Text-guided image-inpainting
The StableDiffusionInpaintPipeline allows you to edit specific parts of an image by providing a mask and a text prompt. It uses a version of Stable Diffusion, like runwayml/stable-diffusion-inpainting
specifically trained for inpainting tasks.
Get started by loading an instance of the StableDiffusionInpaintPipeline:
import PIL
import requests
import torch
from io import BytesIO
from diffusers import StableDiffusionInpaintPipeline
pipeline = StableDiffusionInpaintPipeline.from_pretrained(
"runwayml/stable-diffusion-inpainting",
torch_dtype=torch.float16,
use_safetensors=True,
variant="fp16",
)
pipeline = pipeline.to("cuda")
Download an image and a mask of a dog which you’ll eventually replace:
def download_image(url):
response = requests.get(url)
return PIL.Image.open(BytesIO(response.content)).convert("RGB")
img_url = "https://raw.githubusercontent.com/CompVis/latent-diffusion/main/data/inpainting_examples/overture-creations-5sI6fQgYIuo.png"
mask_url = "https://raw.githubusercontent.com/CompVis/latent-diffusion/main/data/inpainting_examples/overture-creations-5sI6fQgYIuo_mask.png"
init_image = download_image(img_url).resize((512, 512))
mask_image = download_image(mask_url).resize((512, 512))
Now you can create a prompt to replace the mask with something else:
prompt = "Face of a yellow cat, high resolution, sitting on a park bench"
image = pipeline(prompt=prompt, image=init_image, mask_image=mask_image).images[0]
image |
mask_image |
prompt |
output |
---|---|---|---|
Face of a yellow cat, high resolution, sitting on a park bench |
A previous experimental implementation of inpainting used a different, lower-quality process. To ensure backwards compatibility, loading a pretrained pipeline that doesn’t contain the new model will still apply the old inpainting method.
Check out the Spaces below to try out image inpainting yourself!
Preserving the Unmasked Area of the Image
Generally speaking, StableDiffusionInpaintPipeline (and other inpainting pipelines) will change the unmasked part of the image as well. If this behavior is undesirable, you can force the unmasked area to remain the same as follows:
import PIL
import numpy as np
import torch
from diffusers import StableDiffusionInpaintPipeline
from diffusers.utils import load_image
device = "cuda"
pipeline = StableDiffusionInpaintPipeline.from_pretrained(
"runwayml/stable-diffusion-inpainting",
torch_dtype=torch.float16,
)
pipeline = pipeline.to(device)
img_url = "https://raw.githubusercontent.com/CompVis/latent-diffusion/main/data/inpainting_examples/overture-creations-5sI6fQgYIuo.png"

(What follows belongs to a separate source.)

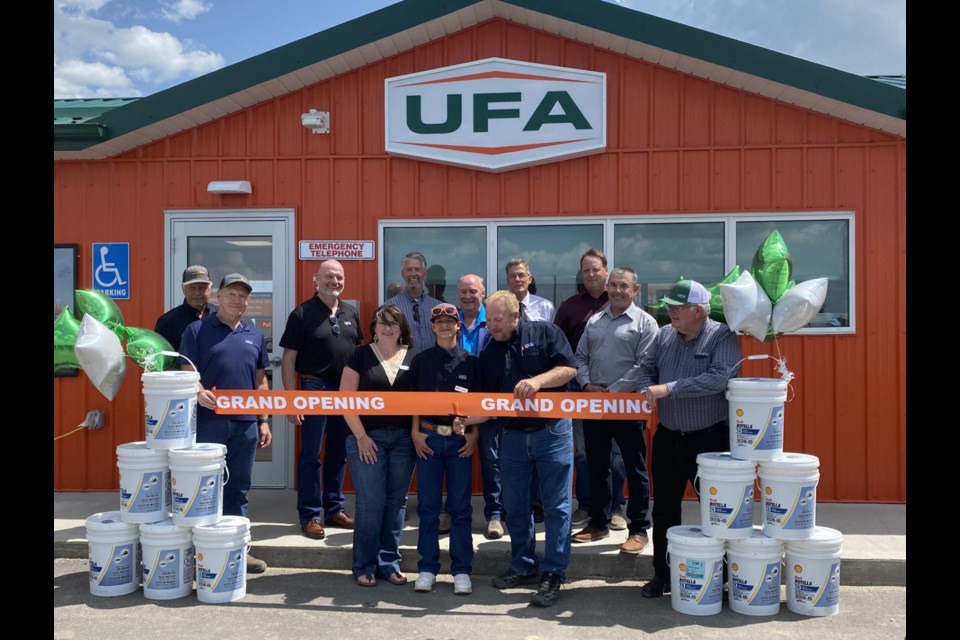 Weyburn UFA Petroleum agents  Laura Lee and Jason Petersen, and their son Korbyn, cut the ribbon during the grand opening.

mask_url = "https://raw.githubusercontent.com/CompVis/latent-diffusion/main/data/inpainting_examples/overture-creations-5sI6fQgYIuo_mask.png"
init_image = load_image(img_url).resize((512, 512))
mask_image = load_image(mask_url).resize((512, 512))
prompt = "Face of a yellow cat, high resolution, sitting on a park bench"
repainted_image = pipeline(prompt=prompt, image=init_image, mask_image=mask_image).images[0]
repainted_image.save("repainted_image.png")
# Convert mask to grayscale NumPy array
mask_image_arr = np.array(mask_image.convert("L"))
# Add a channel dimension to the end of the grayscale mask
mask_image_arr = mask_image_arr[:, :, None]
# Binarize the mask: 1s correspond to the pixels which are repainted
mask_image_arr = mask_image_arr.astype(np.float32) / 255.0
mask_image_arr[mask_image_arr < 0.5] = 0
mask_image_arr[mask_image_arr >= 0.5] = 1
# Take the masked pixels from the repainted image and the unmasked pixels from the initial image
unmasked_unchanged_image_arr = (1 - mask_image_arr) * init_image + mask_image_arr * repainted_image
unmasked_unchanged_image = PIL.Image.fromarray(unmasked_unchanged_image_arr.round().astype("uint8"))
unmasked_unchanged_image.save("force_unmasked_unchanged.png")
Forcing the unmasked portion of the image to remain the same might result in some weird transitions between the unmasked and masked areas, since the model will typically change the masked and unmasked areas to make the transition more natural.